A special thank you to this week's guest blogger, and musician friend of mine, Nelson Foltz who writes about this year's Grammy Awards, offering his insight on today's music business, and the Grammy Awards.
Yes, it's fun to sit in your comfy chair and snipe about how they "aren't what they used to be" and there will always be someone to agree with you but that argument is more about sentimentality than anything else and simply doesn't hold water even with the most cursory of wikipedia (or even grammy.com) searches. What you're really doing is compiling a lifetime's worth of your favorite music and using that as a reference with the obvious bias of your own personal tastes. It is a standard which no annual review can compare to and it's a moot point anyway. I for one have been guilty of doing it but the Grammys are exactly what they've always been, an annual recognition of excellence in recorded music.
Much like Saturday Night Live sketches or even politicians, there is a natural ebb and flow that occurs in regard to the overall quality of the options available and such a yearly industry summation by its very nature must cut a rather wide swath in terms of style and taste so not everybody's gonna be happy with the contenders or outcome. For every Milli Vanilli there will also be some genuine brilliance exposed to a much deserved wider audience in addition to engineers and behind the scenes folks getting paid their proper respects (especially in an era when liner notes have virtually ceased to exist) for work that goes by unnoticed by the general listening public. It's a mixed bag and always has been because it's supposed to be.
There will of course be the performers who require ten bedazzled elephants, a fireworks display that would put the Zambelli Fireworks Company to shame, auto-tune and a hundred backup dancers onstage to hold your attention but there will also be artists who have utilized the vast resources available to them in the modern recording/technology age and found ways to find their audience simply because they love playing music. As much as I enjoy glittery elephants and laser shows, those are the people who make it worth it for me as a listener because it suits my tastes and I applaud anyone who makes the choice to persevere and circumvent issues for something they love rather than whine and moan about it. The music business has been leveled to a more even playing field and it's all about what you do with the new landscape.

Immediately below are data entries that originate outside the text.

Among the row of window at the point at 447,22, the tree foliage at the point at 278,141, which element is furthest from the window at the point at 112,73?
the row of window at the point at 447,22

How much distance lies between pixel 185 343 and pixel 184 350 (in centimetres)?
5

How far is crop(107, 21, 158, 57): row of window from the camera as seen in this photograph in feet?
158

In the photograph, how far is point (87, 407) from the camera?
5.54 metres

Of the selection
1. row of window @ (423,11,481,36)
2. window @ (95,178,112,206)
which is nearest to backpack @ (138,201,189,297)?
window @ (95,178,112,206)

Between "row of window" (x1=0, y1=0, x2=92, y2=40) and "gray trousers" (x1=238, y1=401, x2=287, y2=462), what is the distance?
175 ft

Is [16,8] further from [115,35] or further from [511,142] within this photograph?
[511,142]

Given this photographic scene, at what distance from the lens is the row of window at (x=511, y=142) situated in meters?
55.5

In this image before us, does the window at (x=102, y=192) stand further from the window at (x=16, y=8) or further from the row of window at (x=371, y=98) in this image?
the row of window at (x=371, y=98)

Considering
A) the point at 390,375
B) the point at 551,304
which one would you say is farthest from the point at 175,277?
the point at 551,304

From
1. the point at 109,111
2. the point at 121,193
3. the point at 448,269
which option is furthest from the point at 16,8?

Take the band Snarky Puppy, who in collaboration with the great Lalah Hathaway ended up taking home a statue this year with no major label support. They're a bunch of great musicians who have toured relentlessly for years building an audience while at the same time taking full advantage of the new avenues available for publicity and distribution. From now on, whenever I hear musicians complaining about the current state of affairs in the music business that's most likely who I'm going to think of and I respect not only their nomination and subsequent win but first and foremost their dedication to doing what they love to do. If things were "what they used to be" that band most likely wouldn't have had the chance to even be on the ballot.

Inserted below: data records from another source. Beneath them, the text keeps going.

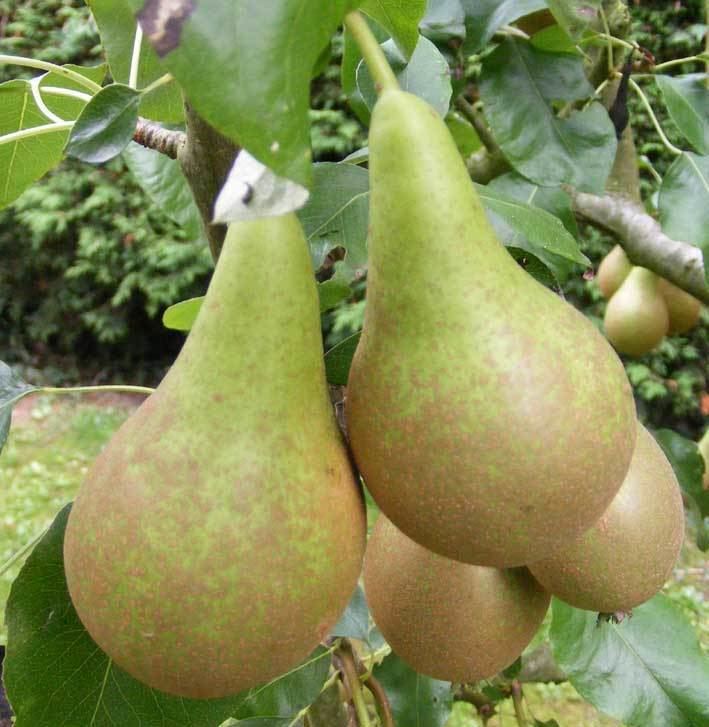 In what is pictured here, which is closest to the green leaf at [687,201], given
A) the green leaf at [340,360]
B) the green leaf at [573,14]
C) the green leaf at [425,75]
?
the green leaf at [573,14]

If you're a musician or engineer and don't like the choices offered up, join NARAS and vote. As much fun as it is to talk smack you do have a say in the outcome. They've made it relatively simple for qualified people to join and all the information is readily available online. If not, enjoy the annual fireworks or just don't give it any mind and yes...I totally complained about the Grammys while watching!
Musician/Composer Nelson Foltz lives in NYC and has worked with such artists as Barry White, Steely Dan, Aretha Franklin, Spoon, Roberta Flack, Gerry Leonard, Shayna Steele, Josh Ritter, Carolyn Leonhart, Deborah Gibson, Juliette Commagere, Michael Grimm, Robin McKelle, Dave Liebman, Hildegunn Gjedrem, Joachim Cooder and Maria Schneider. His credits include music for film, television and radio as well as performing in the orchestra for numerous broadway pit orchestras including The Lion King, Fosse and Hairspray. Foltz's original recordings are regularly featured on NPR and PRI and his seventh album entitled "departure" with long time collaborator Tom Lynn is set to be released this year.